Please repeat every entry, keeping each one exactly the same.

Dataset records
○ ○ ○ ○

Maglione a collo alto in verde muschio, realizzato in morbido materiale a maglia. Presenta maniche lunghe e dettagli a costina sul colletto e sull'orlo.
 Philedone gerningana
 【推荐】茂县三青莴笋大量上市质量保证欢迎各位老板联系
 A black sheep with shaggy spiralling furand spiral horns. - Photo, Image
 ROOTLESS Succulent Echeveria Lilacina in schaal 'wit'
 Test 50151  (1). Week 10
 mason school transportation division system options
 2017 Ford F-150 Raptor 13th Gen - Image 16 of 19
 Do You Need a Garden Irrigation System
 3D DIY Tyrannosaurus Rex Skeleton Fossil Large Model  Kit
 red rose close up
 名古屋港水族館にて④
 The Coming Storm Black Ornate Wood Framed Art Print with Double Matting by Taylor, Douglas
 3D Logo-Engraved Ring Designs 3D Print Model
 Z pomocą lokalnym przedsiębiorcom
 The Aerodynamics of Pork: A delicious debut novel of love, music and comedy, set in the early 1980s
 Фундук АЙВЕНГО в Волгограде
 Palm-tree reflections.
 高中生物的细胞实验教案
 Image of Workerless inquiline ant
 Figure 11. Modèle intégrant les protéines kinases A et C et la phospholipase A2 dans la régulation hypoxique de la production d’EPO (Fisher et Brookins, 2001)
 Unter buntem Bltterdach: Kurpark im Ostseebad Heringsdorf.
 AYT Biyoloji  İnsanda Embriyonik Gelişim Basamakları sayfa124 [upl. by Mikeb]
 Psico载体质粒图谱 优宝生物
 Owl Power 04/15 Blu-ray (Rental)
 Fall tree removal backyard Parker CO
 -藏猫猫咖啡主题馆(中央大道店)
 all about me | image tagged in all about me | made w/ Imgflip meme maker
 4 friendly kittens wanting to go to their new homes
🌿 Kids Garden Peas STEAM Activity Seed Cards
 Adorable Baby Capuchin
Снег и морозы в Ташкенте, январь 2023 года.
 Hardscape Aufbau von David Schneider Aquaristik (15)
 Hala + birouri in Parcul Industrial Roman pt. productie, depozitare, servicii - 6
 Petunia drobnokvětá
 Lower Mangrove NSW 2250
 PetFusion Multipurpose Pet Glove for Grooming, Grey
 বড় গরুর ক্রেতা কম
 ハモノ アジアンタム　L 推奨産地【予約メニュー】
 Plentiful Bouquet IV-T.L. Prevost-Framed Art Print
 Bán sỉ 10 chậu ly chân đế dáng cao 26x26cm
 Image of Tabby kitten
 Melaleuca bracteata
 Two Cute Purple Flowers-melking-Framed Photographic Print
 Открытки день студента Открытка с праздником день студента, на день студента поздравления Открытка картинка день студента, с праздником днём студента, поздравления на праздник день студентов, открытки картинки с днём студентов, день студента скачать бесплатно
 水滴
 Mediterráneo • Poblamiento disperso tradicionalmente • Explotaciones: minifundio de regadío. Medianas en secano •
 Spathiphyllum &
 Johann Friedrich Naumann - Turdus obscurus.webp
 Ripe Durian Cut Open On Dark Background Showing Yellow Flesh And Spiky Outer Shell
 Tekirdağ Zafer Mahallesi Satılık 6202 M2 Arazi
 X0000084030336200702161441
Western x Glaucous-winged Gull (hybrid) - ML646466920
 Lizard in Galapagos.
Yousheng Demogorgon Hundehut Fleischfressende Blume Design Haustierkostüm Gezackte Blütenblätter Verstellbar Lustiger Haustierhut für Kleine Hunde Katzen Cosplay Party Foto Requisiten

○ ○ ○ ○

_Exercise solution_:
Maglione a collo alto in verde muschio, realizzato in morbido materiale a maglia. Presenta maniche lunghe e dettagli a costina sul colletto e sull'orlo.
 Philedone gerningana
 【推荐】茂县三青莴笋大量上市质量保证欢迎各位老板联系
 A black sheep with shaggy spiralling furand spiral horns. - Photo, Image
 ROOTLESS Succulent Echeveria Lilacina in schaal 'wit'
 Test 50151  (1). Week 10
 mason school transportation division system options
 2017 Ford F-150 Raptor 13th Gen - Image 16 of 19
 Do You Need a Garden Irrigation System
 3D DIY Tyrannosaurus Rex Skeleton Fossil Large Model  Kit
 red rose close up
 名古屋港水族館にて④
 The Coming Storm Black Ornate Wood Framed Art Print with Double Matting by Taylor, Douglas
 3D Logo-Engraved Ring Designs 3D Print Model
 Z pomocą lokalnym przedsiębiorcom
 The Aerodynamics of Pork: A delicious debut novel of love, music and comedy, set in the early 1980s
 Фундук АЙВЕНГО в Волгограде
 Palm-tree reflections.
 高中生物的细胞实验教案
 Image of Workerless inquiline ant
 Figure 11. Modèle intégrant les protéines kinases A et C et la phospholipase A2 dans la régulation hypoxique de la production d’EPO (Fisher et Brookins, 2001)
 Unter buntem Bltterdach: Kurpark im Ostseebad Heringsdorf.
 AYT Biyoloji  İnsanda Embriyonik Gelişim Basamakları sayfa124 [upl. by Mikeb]
 Psico载体质粒图谱 优宝生物
 Owl Power 04/15 Blu-ray (Rental)
 Fall tree removal backyard Parker CO
 -藏猫猫咖啡主题馆(中央大道店)
 all about me | image tagged in all about me | made w/ Imgflip meme maker
 4 friendly kittens wanting to go to their new homes
🌿 Kids Garden Peas STEAM Activity Seed Cards
 Adorable Baby Capuchin
Снег и морозы в Ташкенте, январь 2023 года.
 Hardscape Aufbau von David Schneider Aquaristik (15)
 Hala + birouri in Parcul Industrial Roman pt. productie, depozitare, servicii - 6
 Petunia drobnokvětá
 Lower Mangrove NSW 2250
 PetFusion Multipurpose Pet Glove for Grooming, Grey
 বড় গরুর ক্রেতা কম
 ハモノ アジアンタム　L 推奨産地【予約メニュー】
 Plentiful Bouquet IV-T.L. Prevost-Framed Art Print
 Bán sỉ 10 chậu ly chân đế dáng cao 26x26cm
 Image of Tabby kitten
 Melaleuca bracteata
 Two Cute Purple Flowers-melking-Framed Photographic Print
 Открытки день студента Открытка с праздником день студента, на день студента поздравления Открытка картинка день студента, с праздником днём студента, поздравления на праздник день студентов, открытки картинки с днём студентов, день студента скачать бесплатно
 水滴
 Mediterráneo • Poblamiento disperso tradicionalmente • Explotaciones: minifundio de regadío. Medianas en secano •
 Spathiphyllum &
 Johann Friedrich Naumann - Turdus obscurus.webp
 Ripe Durian Cut Open On Dark Background Showing Yellow Flesh And Spiky Outer Shell
 Tekirdağ Zafer Mahallesi Satılık 6202 M2 Arazi
 X0000084030336200702161441
Western x Glaucous-winged Gull (hybrid) - ML646466920
 Lizard in Galapagos.
Yousheng Demogorgon Hundehut Fleischfressende Blume Design Haustierkostüm Gezackte Blütenblätter Verstellbar Lustiger Haustierhut für Kleine Hunde Katzen Cosplay Party Foto Requisiten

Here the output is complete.